Index: llvm/lib/Transforms/Vectorize/LoopVectorizationLegality.cpp
===================================================================
--- llvm/lib/Transforms/Vectorize/LoopVectorizationLegality.cpp
+++ llvm/lib/Transforms/Vectorize/LoopVectorizationLegality.cpp
@@ -316,7 +316,7 @@
 // executing the inner loop will execute the same iterations). This check is
 // very constrained for now but it will be relaxed in the future. \p Lp is
 // considered uniform if it meets all the following conditions:
-//   1) it has a canonical IV (starting from 0 and with stride 1),
+//   1) it has a stride-one IV,
 //   2) its latch terminator is a conditional branch and,
 //   3) its latch condition is a compare instruction whose operands are the
 //      canonical IV and an OuterLp invariant.
@@ -334,7 +334,7 @@
 // before introducing the aforementioned infrastructure. However, if this is not
 // the case, we should move the \p OuterLp independent checks to a separate
 // function that is only executed once for each \p Lp.

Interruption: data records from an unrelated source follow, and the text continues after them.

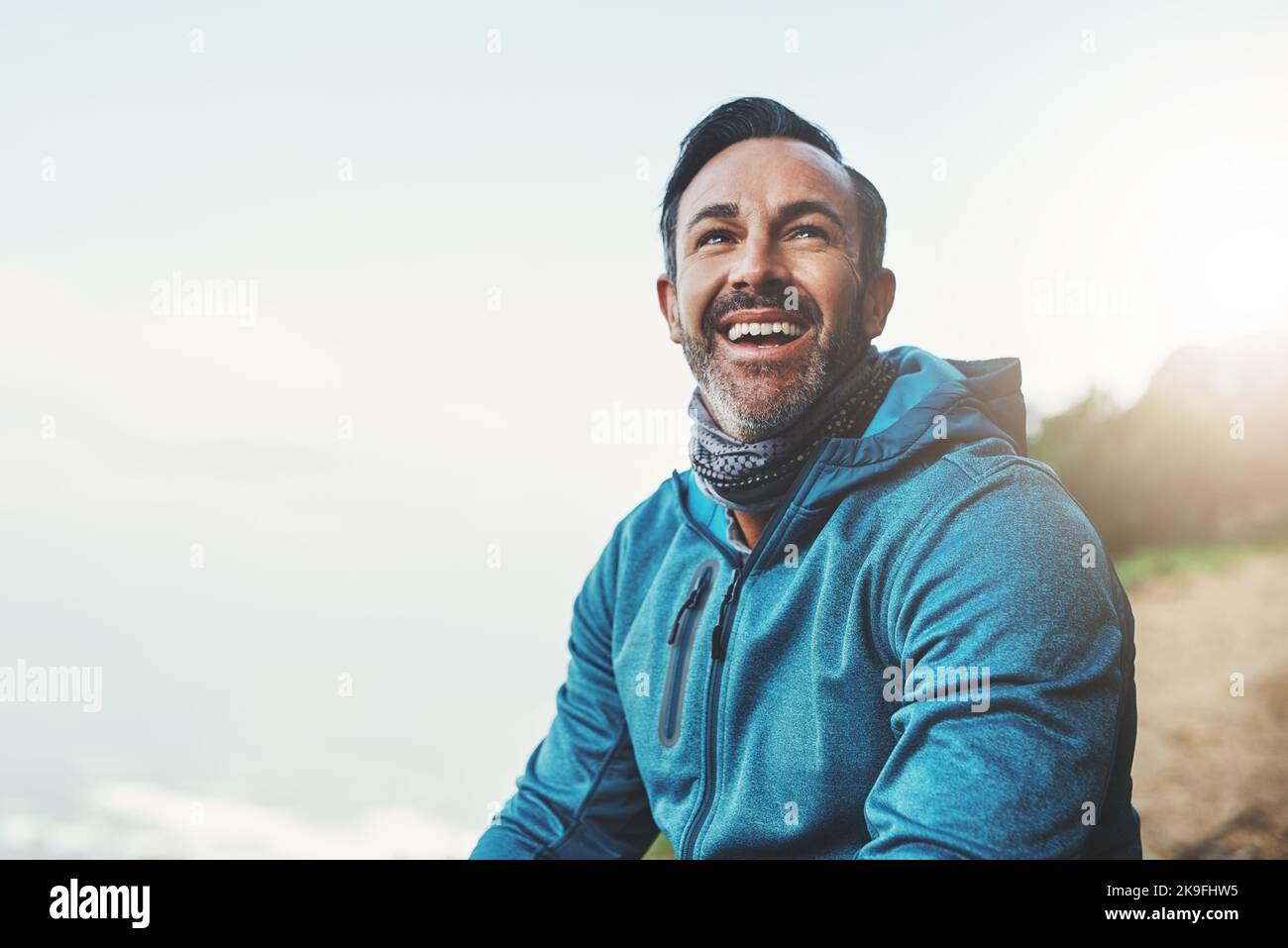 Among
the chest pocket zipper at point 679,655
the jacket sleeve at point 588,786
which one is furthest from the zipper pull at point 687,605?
the jacket sleeve at point 588,786

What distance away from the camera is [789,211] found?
192 centimetres

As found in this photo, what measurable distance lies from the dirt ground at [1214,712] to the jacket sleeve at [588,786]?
3.54 metres

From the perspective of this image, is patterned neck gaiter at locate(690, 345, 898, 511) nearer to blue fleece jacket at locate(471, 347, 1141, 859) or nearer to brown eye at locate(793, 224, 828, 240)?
blue fleece jacket at locate(471, 347, 1141, 859)

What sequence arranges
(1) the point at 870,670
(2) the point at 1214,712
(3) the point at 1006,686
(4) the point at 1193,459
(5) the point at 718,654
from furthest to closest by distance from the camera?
1. (4) the point at 1193,459
2. (2) the point at 1214,712
3. (5) the point at 718,654
4. (1) the point at 870,670
5. (3) the point at 1006,686

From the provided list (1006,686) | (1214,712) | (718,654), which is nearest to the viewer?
(1006,686)

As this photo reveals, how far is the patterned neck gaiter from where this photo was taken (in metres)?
1.87

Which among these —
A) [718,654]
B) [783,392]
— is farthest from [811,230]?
[718,654]

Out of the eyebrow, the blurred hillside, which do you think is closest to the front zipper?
the eyebrow

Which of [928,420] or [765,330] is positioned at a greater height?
[765,330]

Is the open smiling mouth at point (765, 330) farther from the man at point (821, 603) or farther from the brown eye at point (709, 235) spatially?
the brown eye at point (709, 235)

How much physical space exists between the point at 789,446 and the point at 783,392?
12 cm

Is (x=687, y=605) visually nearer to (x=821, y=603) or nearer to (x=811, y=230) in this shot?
(x=821, y=603) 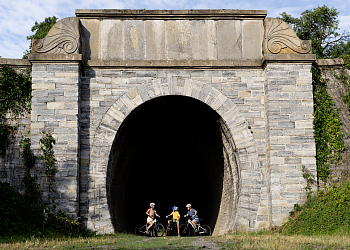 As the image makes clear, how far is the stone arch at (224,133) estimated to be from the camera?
1206 centimetres

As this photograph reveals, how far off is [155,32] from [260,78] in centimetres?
336

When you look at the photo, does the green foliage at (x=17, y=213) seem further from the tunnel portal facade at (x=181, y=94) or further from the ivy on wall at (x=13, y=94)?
the ivy on wall at (x=13, y=94)

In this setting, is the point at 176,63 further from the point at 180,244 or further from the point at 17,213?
the point at 17,213

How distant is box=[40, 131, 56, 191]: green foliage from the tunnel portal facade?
14 centimetres

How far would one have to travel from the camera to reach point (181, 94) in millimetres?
A: 12695

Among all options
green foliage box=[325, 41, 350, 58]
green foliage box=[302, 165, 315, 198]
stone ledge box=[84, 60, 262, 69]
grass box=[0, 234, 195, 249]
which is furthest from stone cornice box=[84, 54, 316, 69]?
green foliage box=[325, 41, 350, 58]

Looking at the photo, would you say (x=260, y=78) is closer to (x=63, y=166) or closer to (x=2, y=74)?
(x=63, y=166)

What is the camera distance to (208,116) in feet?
43.9

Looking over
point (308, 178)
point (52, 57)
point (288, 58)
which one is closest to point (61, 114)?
point (52, 57)

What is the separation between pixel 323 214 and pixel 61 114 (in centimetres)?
743

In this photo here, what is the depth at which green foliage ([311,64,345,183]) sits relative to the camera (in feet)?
40.6

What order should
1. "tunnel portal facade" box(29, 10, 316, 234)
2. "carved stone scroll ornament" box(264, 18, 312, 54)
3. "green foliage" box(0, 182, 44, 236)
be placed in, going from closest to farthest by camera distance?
1. "green foliage" box(0, 182, 44, 236)
2. "tunnel portal facade" box(29, 10, 316, 234)
3. "carved stone scroll ornament" box(264, 18, 312, 54)

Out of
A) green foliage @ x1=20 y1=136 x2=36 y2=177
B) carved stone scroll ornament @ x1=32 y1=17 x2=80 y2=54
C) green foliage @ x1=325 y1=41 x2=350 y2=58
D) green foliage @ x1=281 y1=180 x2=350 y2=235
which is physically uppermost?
green foliage @ x1=325 y1=41 x2=350 y2=58

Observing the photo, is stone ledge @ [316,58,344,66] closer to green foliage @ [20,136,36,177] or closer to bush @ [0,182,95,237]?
bush @ [0,182,95,237] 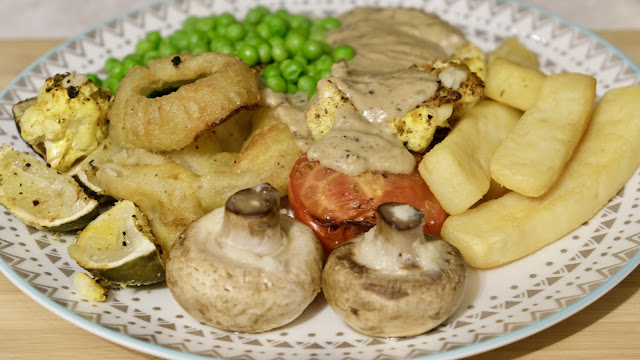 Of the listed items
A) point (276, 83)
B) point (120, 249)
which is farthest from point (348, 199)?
point (276, 83)

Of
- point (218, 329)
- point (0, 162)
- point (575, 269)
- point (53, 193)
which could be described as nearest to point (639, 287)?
point (575, 269)

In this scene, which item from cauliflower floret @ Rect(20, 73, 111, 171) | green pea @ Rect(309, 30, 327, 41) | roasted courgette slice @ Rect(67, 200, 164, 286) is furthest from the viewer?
green pea @ Rect(309, 30, 327, 41)

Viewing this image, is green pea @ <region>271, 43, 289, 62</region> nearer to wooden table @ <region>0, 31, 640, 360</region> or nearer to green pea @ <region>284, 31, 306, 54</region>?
green pea @ <region>284, 31, 306, 54</region>

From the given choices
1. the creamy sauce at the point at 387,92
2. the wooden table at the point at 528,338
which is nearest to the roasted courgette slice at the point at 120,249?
the wooden table at the point at 528,338

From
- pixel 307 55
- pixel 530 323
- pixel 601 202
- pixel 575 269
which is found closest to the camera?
pixel 530 323

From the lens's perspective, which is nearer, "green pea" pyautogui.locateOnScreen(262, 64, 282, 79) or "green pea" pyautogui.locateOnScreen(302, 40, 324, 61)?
"green pea" pyautogui.locateOnScreen(262, 64, 282, 79)

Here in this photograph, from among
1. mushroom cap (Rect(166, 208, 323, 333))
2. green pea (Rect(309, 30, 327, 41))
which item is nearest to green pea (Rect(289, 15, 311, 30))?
green pea (Rect(309, 30, 327, 41))

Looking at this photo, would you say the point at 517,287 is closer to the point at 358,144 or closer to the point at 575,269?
the point at 575,269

-static bool isUniformLoop(Loop *Lp, Loop *OuterLp) {
+static bool isUniformLoop(Loop *Lp, Loop *OuterLp, ScalarEvolution *SE) {
   assert(Lp->getLoopLatch() && "Expected loop with a single latch.");
 
   // If Lp is the outer loop, it's uniform by definition.
@@ -343,9 +343,21 @@
   assert(OuterLp->contains(Lp) && "OuterLp must contain Lp.");
 
   // 1.
-  PHINode *IV = Lp->getCanonicalInductionVariable();
+  PHINode *IV = Lp->getInductionVariable(*SE);
   if (!IV) {
-    LLVM_DEBUG(dbgs() << "LV: Canonical IV not found.\n");
+    LLVM_DEBUG(dbgs() << "LV: IV not found.\n");
+    return false;
+  }
+  const SCEV *IVSCEV = SE->getSCEV(IV);
+  const SCEVAddRecExpr *AR = dyn_cast<SCEVAddRecExpr>(IVSCEV);
+  if (!AR) {
+    LLVM_DEBUG(dbgs() << "LV: Bad IV - Not an AddRecExpr SCEV " << *IVSCEV
+                      << "\n");
+    return false;
+  }
+  const SCEV *Step = AR->getStepRecurrence(*SE);
+  if (!Step->isOne()) {
+    LLVM_DEBUG(dbgs() << "LV: Not stride-one IV.\n");
     return false;
   }
 
@@ -379,13 +391,13 @@
 
 // Return true if \p Lp and all its nested loops are uniform with regard to \p
 // OuterLp.
-static bool isUniformLoopNest(Loop *Lp, Loop *OuterLp) {
-  if (!isUniformLoop(Lp, OuterLp))
+static bool isUniformLoopNest(Loop *Lp, Loop *OuterLp, ScalarEvolution *SE) {
+  if (!isUniformLoop(Lp, OuterLp, SE))
     return false;
 
   // Check if nested loops are uniform.
   for (Loop *SubLp : *Lp)
-    if (!isUniformLoopNest(SubLp, OuterLp))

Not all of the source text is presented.